Prompt
Return exactly the span of lines in the following data that opens with the line containing "A person is" and closes with the line containing "A room with". Include nothing else.

··· Records provided ···

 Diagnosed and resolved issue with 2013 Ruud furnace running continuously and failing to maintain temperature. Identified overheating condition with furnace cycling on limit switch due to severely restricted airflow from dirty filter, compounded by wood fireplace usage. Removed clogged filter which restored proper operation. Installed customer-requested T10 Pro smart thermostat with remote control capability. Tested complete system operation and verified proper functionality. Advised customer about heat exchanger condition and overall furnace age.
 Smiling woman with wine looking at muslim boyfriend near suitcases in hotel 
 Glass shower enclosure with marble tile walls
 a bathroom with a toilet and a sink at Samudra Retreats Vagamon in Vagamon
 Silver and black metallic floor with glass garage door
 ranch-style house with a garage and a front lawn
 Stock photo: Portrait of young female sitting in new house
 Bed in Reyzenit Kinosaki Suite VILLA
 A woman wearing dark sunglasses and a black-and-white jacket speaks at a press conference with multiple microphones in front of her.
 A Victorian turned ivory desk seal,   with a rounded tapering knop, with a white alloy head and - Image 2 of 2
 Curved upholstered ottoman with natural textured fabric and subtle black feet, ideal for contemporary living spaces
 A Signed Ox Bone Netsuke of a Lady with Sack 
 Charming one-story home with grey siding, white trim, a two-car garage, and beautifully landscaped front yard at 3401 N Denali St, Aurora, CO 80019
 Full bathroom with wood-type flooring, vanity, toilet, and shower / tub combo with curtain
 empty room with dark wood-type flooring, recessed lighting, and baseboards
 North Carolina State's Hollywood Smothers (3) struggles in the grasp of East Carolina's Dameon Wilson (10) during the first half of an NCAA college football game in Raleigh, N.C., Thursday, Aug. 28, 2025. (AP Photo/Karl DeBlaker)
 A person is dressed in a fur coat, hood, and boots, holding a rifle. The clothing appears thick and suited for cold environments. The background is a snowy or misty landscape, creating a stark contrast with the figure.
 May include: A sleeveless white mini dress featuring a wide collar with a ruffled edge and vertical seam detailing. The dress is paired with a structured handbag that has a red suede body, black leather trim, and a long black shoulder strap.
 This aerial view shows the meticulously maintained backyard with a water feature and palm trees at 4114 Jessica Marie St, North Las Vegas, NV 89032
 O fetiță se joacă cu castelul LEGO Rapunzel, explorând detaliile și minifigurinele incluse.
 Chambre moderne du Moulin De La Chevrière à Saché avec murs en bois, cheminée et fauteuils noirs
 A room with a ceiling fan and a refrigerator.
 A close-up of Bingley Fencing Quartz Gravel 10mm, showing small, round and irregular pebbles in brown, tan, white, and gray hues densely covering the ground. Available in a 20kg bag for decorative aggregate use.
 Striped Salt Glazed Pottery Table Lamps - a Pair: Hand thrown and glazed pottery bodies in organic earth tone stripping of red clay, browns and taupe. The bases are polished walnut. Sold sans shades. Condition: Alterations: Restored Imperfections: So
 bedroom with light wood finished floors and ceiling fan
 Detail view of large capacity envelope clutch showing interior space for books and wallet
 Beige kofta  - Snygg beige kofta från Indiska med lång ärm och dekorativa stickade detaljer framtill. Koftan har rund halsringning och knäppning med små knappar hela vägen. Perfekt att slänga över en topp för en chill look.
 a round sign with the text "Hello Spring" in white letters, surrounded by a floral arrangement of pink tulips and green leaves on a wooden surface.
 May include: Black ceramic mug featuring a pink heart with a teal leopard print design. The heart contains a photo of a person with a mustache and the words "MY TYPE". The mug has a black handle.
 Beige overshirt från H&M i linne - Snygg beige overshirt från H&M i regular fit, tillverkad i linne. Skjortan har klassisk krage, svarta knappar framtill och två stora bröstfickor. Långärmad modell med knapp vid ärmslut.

···

Output below
 A person is dressed in a fur coat, hood, and boots, holding a rifle. The clothing appears thick and suited for cold environments. The background is a snowy or misty landscape, creating a stark contrast with the figure.
 May include: A sleeveless white mini dress featuring a wide collar with a ruffled edge and vertical seam detailing. The dress is paired with a structured handbag that has a red suede body, black leather trim, and a long black shoulder strap.
 This aerial view shows the meticulously maintained backyard with a water feature and palm trees at 4114 Jessica Marie St, North Las Vegas, NV 89032
 O fetiță se joacă cu castelul LEGO Rapunzel, explorând detaliile și minifigurinele incluse.
 Chambre moderne du Moulin De La Chevrière à Saché avec murs en bois, cheminée et fauteuils noirs
 A room with a ceiling fan and a refrigerator.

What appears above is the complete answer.